No es la primera vez que colaboro con Wilkins en esta sala de conciertos. La anterior fue justo hace dos años en una puesta en escena llamada Misa Flamenca: Seville &Dance, from Cathedral to the Street donde, de forma similar a esta ocasión, el director integró música barroca y flamenco en una complicidad efectiva entre música, danza y pintura. Debido a mi formación en la escuela tradicional española de pintura y a una afinidad musical y estética, el encuentro ha sido natural.

Igual que hace dos años, me senté en una de las 750 butacas vacías para ver el primer ensayo acompañado de una selección de mis pinturas proyectadas en el escenario.

Una vez más me maravilló el orden, pulcritud e impecable funcionamiento de la sala, operado eficientemente por dos profesionales del ámbito teatral, Ryan Burkle y John Ruegsegger, quienes se encargaron de todo: desde la iluminación y el sonido, hasta el orden de aparición del reparto para los saludos al público.

Hace algún tiempo, en una conversación con otros amigos artistas, debatíamos sobre qué gremio artístico es más egocéntrico: el de la pintura, la danza, la actuación, la literatura o la música. Alguien en la mesa dijo: “Tiene que ser el pintor, sin duda, ya que trabaja solo”. No estoy necesariamente de acuerdo, pero en mi caso al menos es cierto que casi siempre trabajo en soledad y mi proceso creativo es profundamente introspectivo y meditativo, separado del mundo exterior.
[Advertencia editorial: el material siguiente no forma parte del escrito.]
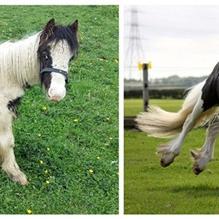 惊喜!有幸运的专家团队拍到了实实在在的独角兽在野外出现的惊人场景 惊喜!有幸运的专家团队拍到了实实在在的独角兽在野外出现的惊人场景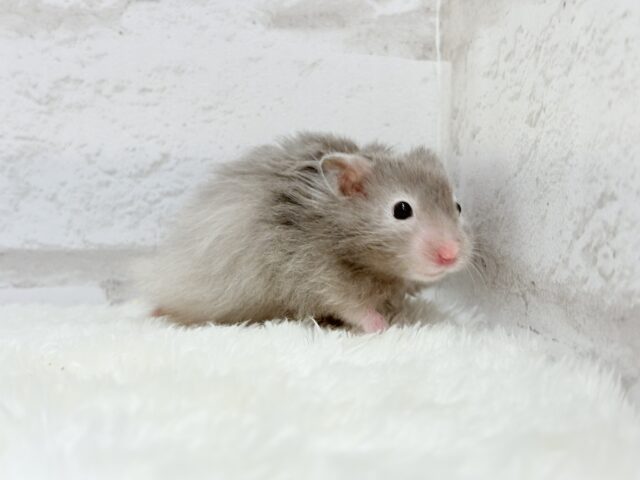 ゴールデンハムスター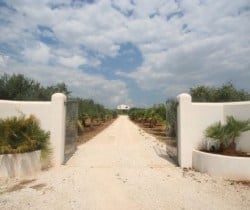 Villa Plumbago - Outside View
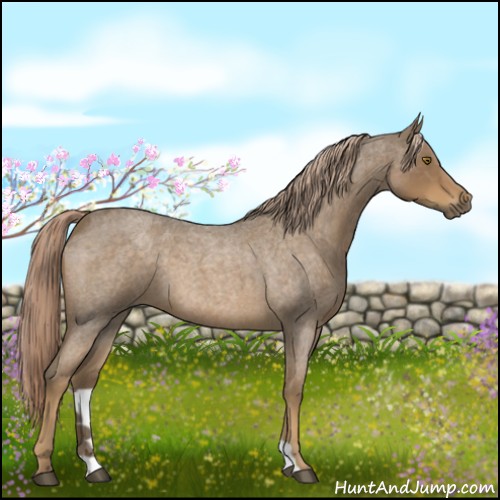 Horse Color:Chocolate Palomino Roan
En cambio los bailarines y los músicos están acostumbrados a trabajar con un cuerpo de baile u orquesta.

Por otro lado, la pintura es arrogantemente objetual: se puede ver la materia, tocarla, atesorarla y conservarla por siglos. En contraste, las artes escénicas tienen la desconcertante cualidad de lo efímero: están necesariamente supeditadas al tiempo para poder existir y una vez que se acaba la función no volverá jamás ni se puede poseer. Los registros que se hacen en audio y video se convierten en meros ecos, recordatorios de su inmaterialidad.

Unidad

Para mí sin duda ha sido un aprendizaje interesante participar en este tipo de proyectos ya que me han dado la oportunidad de reflexionar acerca de la generosidad y nobleza del trabajo colaborativo.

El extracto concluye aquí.